= Christianity in Tajikistan =

Christianity is a minority religion in Tajikistan.

According to the 2020 census, it is the second largest religion in the country behind Islam. This is 0.69% of the population, or approximately 50,000 people.

==Denominations==
The World Christian Encyclopedia, Second edition, Volume 1, states the Russian Orthodox Church as the largest Church. The Lutheran Church has one congregation in Dushanbe and smaller groups in few other places. The World Christian Encyclopedia also mentions the presence of the Ukrainian Orthodox Church. There were about 100 Catholics in the country in 2020.

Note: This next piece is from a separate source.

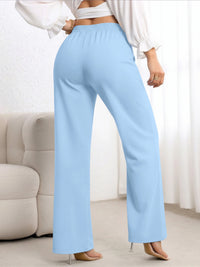 Travel Pants for Women - High Elastic Waist, Wide Leg, Solid Color, No Wrinkle Streetwear Trousers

There are at least five registered organizations of Baptists. There is at least one congregation of Korean Protestants. There are foreign Christian missions in Tajikistan. In the constitution, freedom of religion is mentioned. Religious communities must be registered by the Committee on Religious Affairs under the Council of Ministers. It is legal to distribute Christian literature.

==Restriction==
In early 2009 Tajikistan enacted a new law on religious practice which essentially limits worship to state-sanctioned forms. The new law imposes censorship on religious literature and restricts performing rituals to state-approved venues. It makes it harder for new religious communities to get registration. This law has been used to ban the Christian aid group.

== Persecutions ==
In recent years, several incidents of violence and discrimination against the Christian minority have been reported. These included the bombing of a Christian church in Dushanbe in 2000, killing 10 and wounding many more. According to reports, some of the surviving victims later faced harassment by the police. In 2012, a young man dressed as Father Frost was stabbed to death in Dushanbe by a crowd shouting "You infidel!". The murder was motivated by religious hatred, according to the Tajik police.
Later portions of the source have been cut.